### [Your task]
Your reply should be a faithful copy of the records below, free of pictures.

======== Exercise data

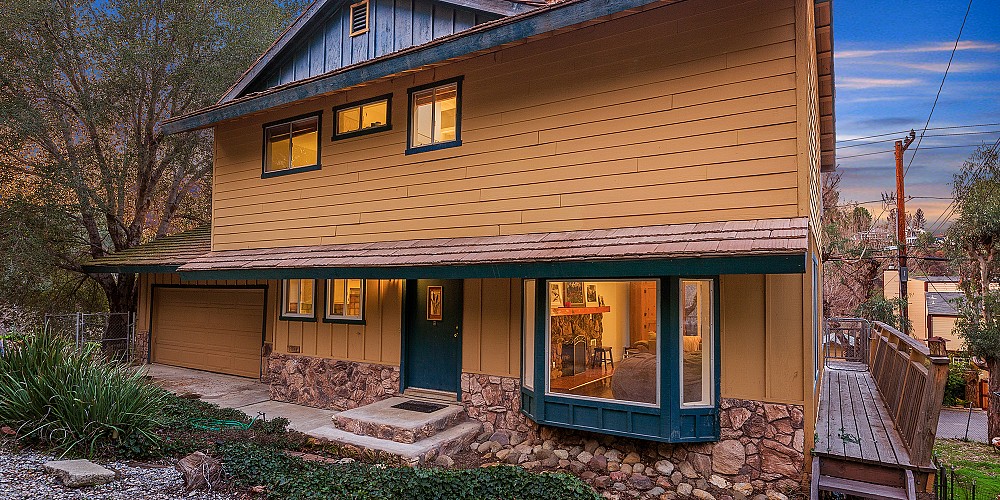 29043 Lake Dr, Agoura Hills, CA 91301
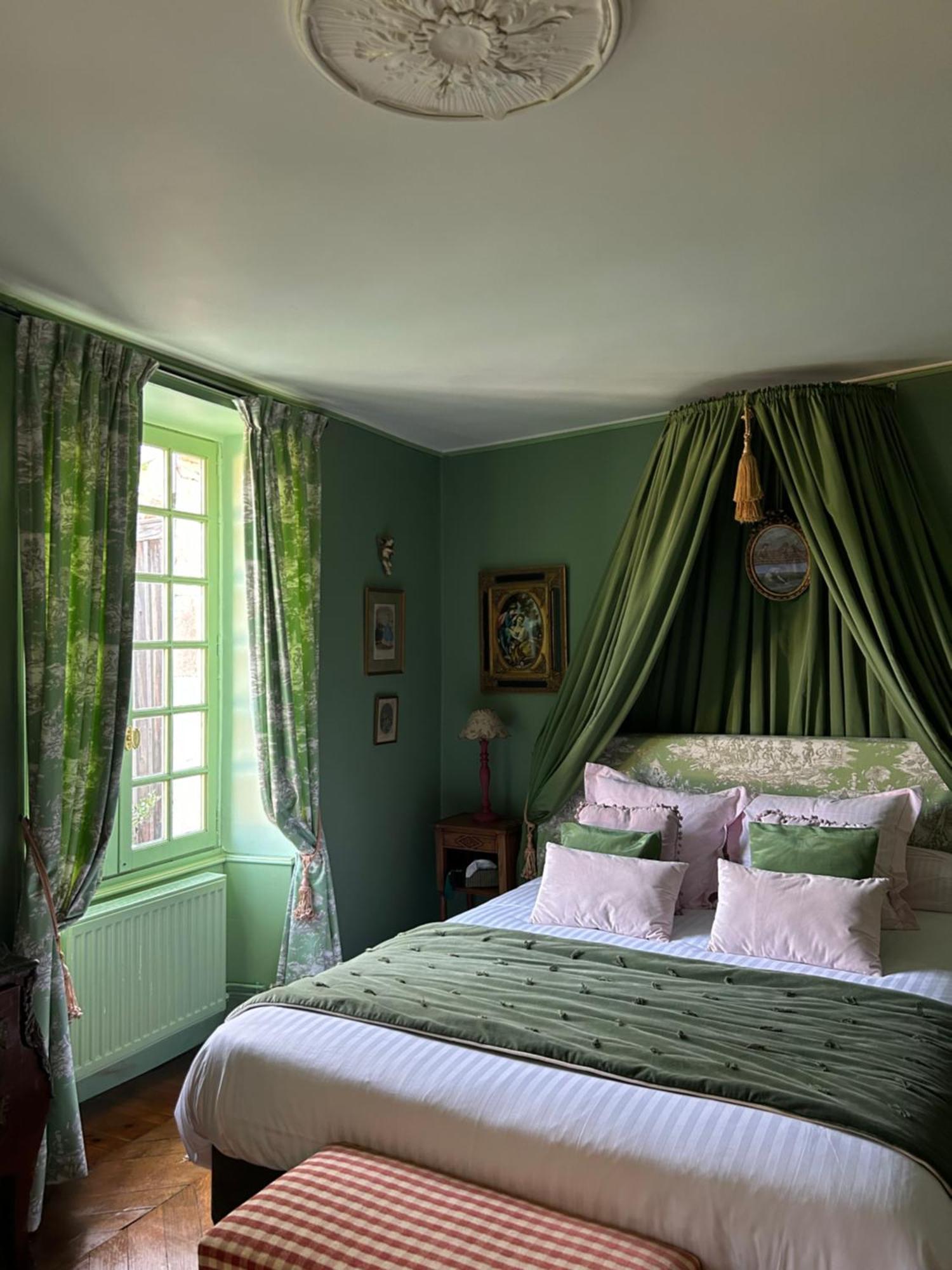 Le Domaine De Cordey Bed & Breakfast Boucé Екстериор снимка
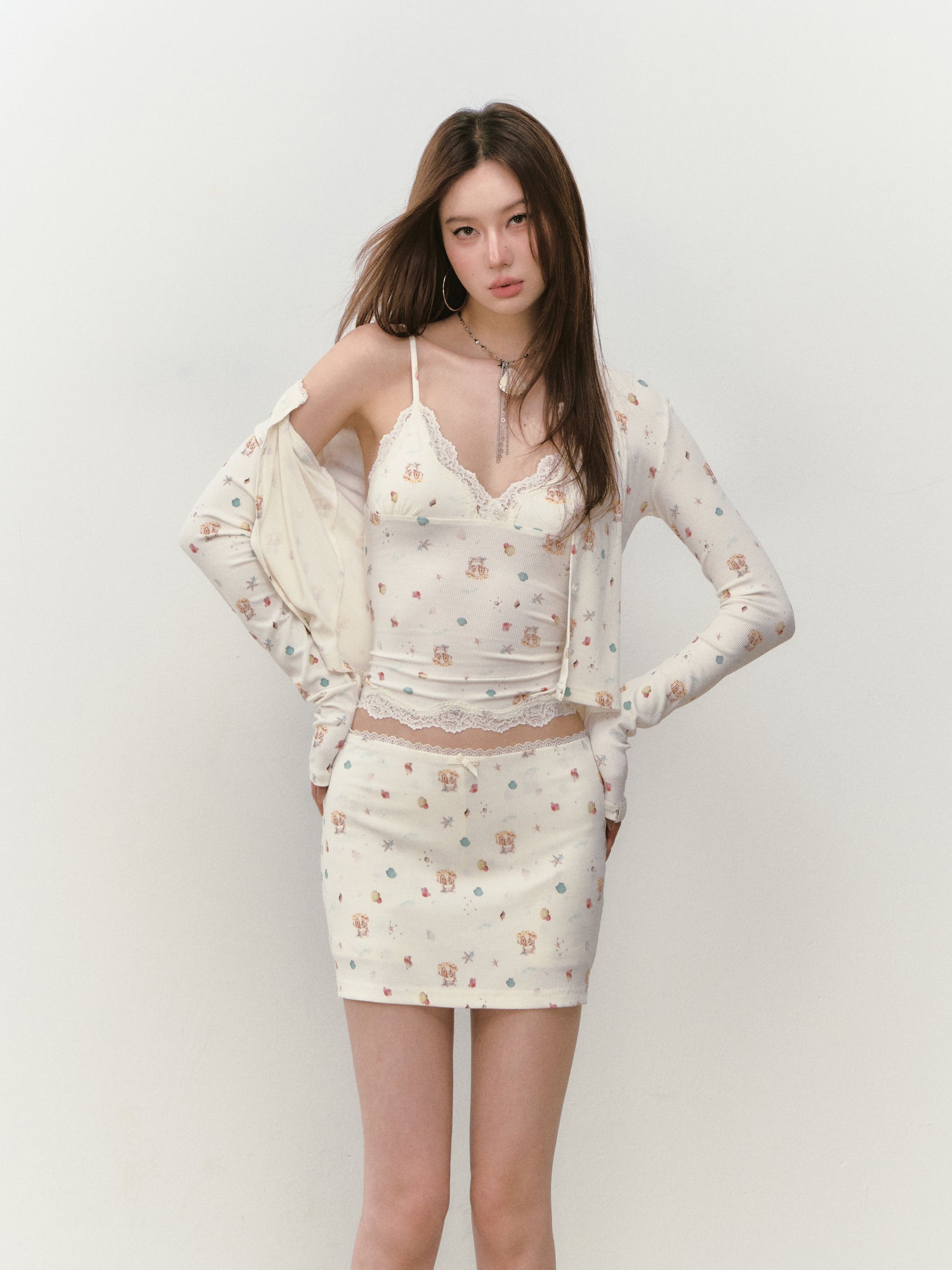VIA PITTI VIABTP339 Printed lace edge vest (2color)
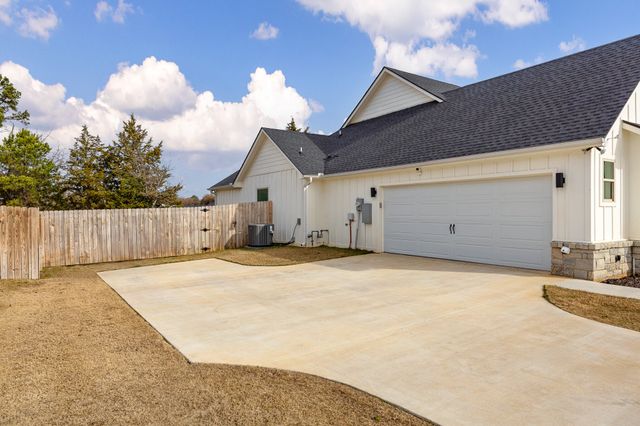 14620 Woodland Creek Drive, Tyler, TX 75706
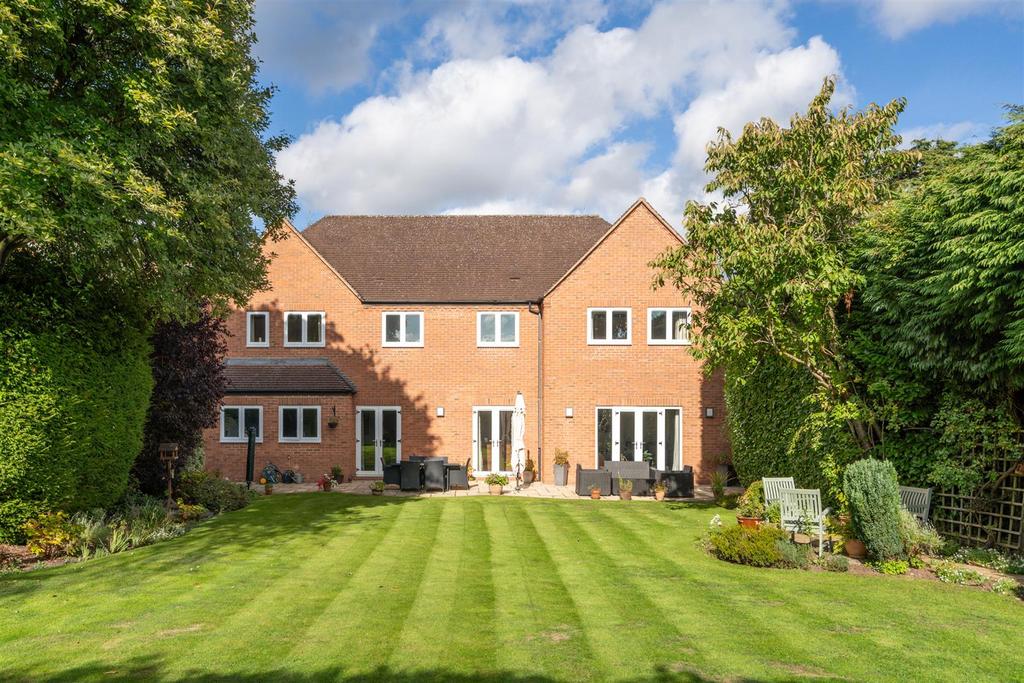 26 Jacobean Lane 67.jpg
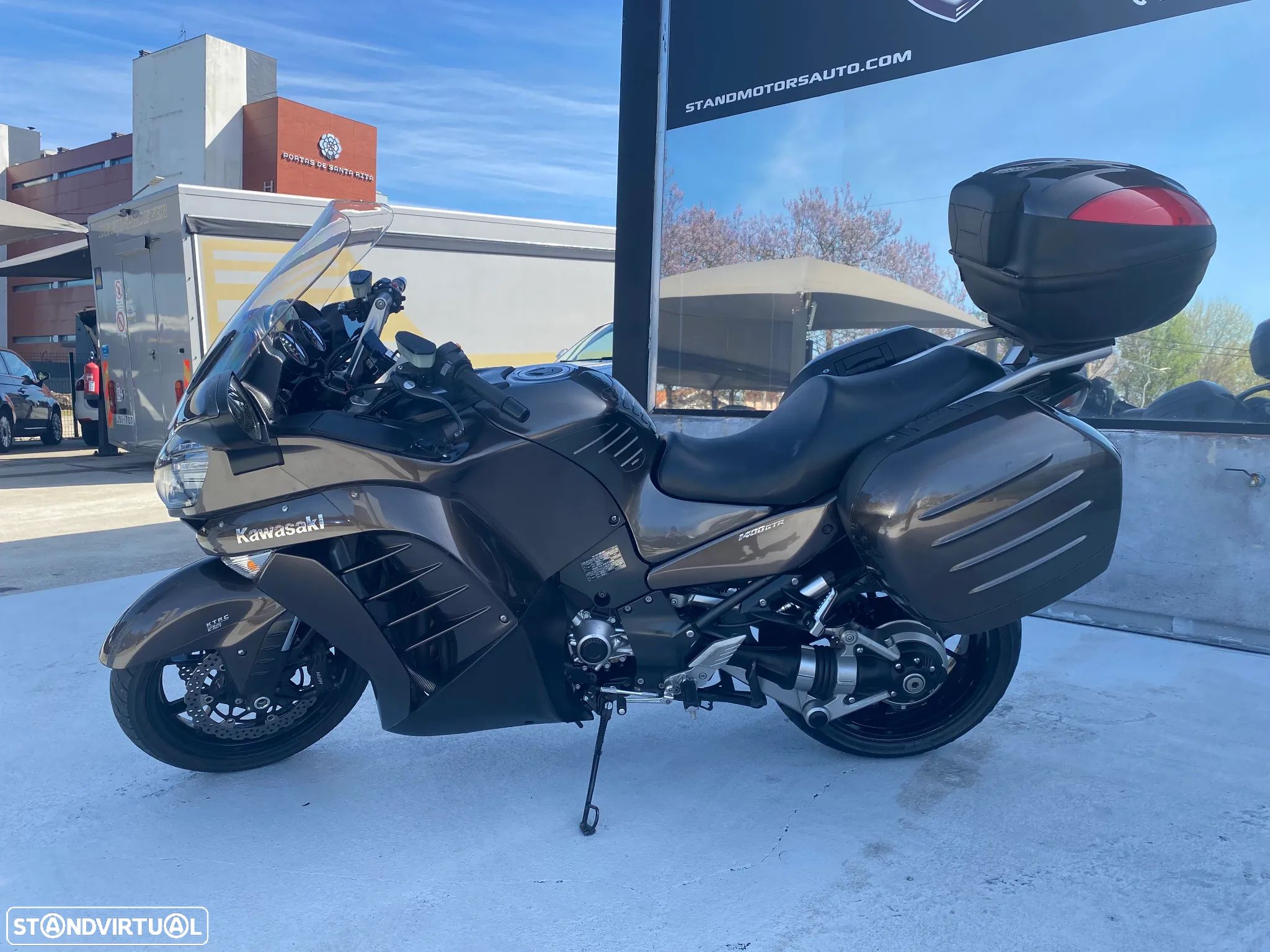 Kawasaki GTR 1400 GTR - 1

================

### [Problem solution]
 29043 Lake Dr, Agoura Hills, CA 91301
 Le Domaine De Cordey Bed & Breakfast Boucé Екстериор снимка
VIA PITTI VIABTP339 Printed lace edge vest (2color)
 14620 Woodland Creek Drive, Tyler, TX 75706
 26 Jacobean Lane 67.jpg
 Kawasaki GTR 1400 GTR - 1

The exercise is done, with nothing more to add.